When creating a new User Namespace:
- I become UID 0 (root) inside that namespace.
- I gain a full set of Capabilities (like
CAP_SYS_ADMIN,CAP_NET_ADMIN) but only within that namespace.
This is the magic trick:
“To perform privileged operations (like mounting filesystems or configuring networks), I don’t need to be real root. I just need to be root inside a User Namespace.”

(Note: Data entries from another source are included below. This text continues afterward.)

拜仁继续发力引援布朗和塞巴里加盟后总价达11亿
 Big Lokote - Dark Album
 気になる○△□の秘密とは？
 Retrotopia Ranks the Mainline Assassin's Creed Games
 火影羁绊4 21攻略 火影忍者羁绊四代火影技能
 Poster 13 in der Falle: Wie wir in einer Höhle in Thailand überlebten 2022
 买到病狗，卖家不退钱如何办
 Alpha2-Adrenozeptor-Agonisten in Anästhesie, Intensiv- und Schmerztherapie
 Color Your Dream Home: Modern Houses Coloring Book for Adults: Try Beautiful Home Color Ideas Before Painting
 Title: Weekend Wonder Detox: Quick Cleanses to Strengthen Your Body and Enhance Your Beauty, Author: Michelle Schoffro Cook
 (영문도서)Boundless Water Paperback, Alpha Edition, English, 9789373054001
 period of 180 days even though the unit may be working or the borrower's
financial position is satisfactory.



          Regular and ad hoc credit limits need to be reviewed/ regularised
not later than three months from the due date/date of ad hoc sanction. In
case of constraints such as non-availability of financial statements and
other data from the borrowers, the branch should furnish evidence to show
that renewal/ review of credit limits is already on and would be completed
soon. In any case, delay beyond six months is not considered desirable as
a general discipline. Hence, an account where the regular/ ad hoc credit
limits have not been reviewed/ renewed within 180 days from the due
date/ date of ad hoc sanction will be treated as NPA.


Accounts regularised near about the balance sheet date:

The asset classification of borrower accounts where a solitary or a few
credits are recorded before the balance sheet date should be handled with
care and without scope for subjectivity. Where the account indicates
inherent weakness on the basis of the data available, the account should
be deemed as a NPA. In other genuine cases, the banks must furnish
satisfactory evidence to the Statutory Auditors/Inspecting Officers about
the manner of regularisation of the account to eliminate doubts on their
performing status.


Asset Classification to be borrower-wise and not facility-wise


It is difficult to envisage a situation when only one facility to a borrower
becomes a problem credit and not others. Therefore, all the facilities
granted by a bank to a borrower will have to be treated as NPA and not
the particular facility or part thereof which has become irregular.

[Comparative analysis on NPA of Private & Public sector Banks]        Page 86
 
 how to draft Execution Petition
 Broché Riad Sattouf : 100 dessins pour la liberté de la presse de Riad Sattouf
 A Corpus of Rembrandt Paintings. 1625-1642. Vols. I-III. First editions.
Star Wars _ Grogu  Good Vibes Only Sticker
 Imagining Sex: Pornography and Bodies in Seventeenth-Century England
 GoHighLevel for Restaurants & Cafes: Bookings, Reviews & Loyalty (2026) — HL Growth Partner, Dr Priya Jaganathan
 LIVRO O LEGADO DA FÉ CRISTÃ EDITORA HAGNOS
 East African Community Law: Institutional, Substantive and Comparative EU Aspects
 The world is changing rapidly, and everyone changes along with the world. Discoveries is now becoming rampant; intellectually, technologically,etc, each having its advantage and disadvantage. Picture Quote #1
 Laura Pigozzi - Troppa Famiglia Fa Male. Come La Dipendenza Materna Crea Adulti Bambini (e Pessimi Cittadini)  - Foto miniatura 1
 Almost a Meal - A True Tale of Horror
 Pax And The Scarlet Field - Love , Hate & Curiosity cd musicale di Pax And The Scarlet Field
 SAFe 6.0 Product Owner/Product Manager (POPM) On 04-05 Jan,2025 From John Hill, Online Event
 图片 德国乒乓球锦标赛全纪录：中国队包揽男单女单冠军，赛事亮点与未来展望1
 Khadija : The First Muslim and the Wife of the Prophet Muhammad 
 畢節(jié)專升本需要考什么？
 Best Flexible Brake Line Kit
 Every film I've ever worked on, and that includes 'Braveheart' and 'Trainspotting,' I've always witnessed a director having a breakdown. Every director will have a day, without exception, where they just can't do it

Example: Becoming Root (Fake)
Try this in your terminal:
# -U: User Namespace
# -r: Map current user to root inside
unshare -U -r whoami
Output:
root
You are now root! (Well, technically, you are root inside that ephemeral namespace).
Manipulating Namespaces
I use two primary syscalls (wrapped by command-line tools) to manage namespaces.
1. unshare (Create)
The unshare command creates new namespaces and then executes a program inside them.
In my rootless script:
unshare --user --fork --map-root-user bash
This creates a new user namespace and runs bash inside it.
2. nsenter (Join)
The nsenter command allows an existing process to “enter” the namespaces of another process. This is how docker exec works.
Every process has a directory in /proc/[pid]/ns/ containing links to its namespaces:
ls -l /proc/$$/ns/
# lrwxrwxrwx 1 vagmi vagmi 0 Jan 12 10:00 net -> 'net:[4026531992]'
# lrwxrwxrwx 1 vagmi vagmi 0 Jan 12 10:00 user -> 'user:[4026531837]'
To join a container, I target its PID:
nsenter --target $CONTAINER_PID --mount --net --pid /bin/sh
The Order of Operations
In my rootless implementation, the order matters immensely:
- Create User Namespace: I must do this first to gain the privileges needed to create the others.
- Become Root (Inside): I map my host UID to root.
- Create Other Namespaces: Now that I am “root”, I can create Mount, Network, and PID namespaces.
- Mount Filesystems: I mount
/proc,/sys, and myoverlayfsroot.
If I tried to create a Mount namespace (unshare -m) before the User namespace, the kernel would deny me because I am not real root.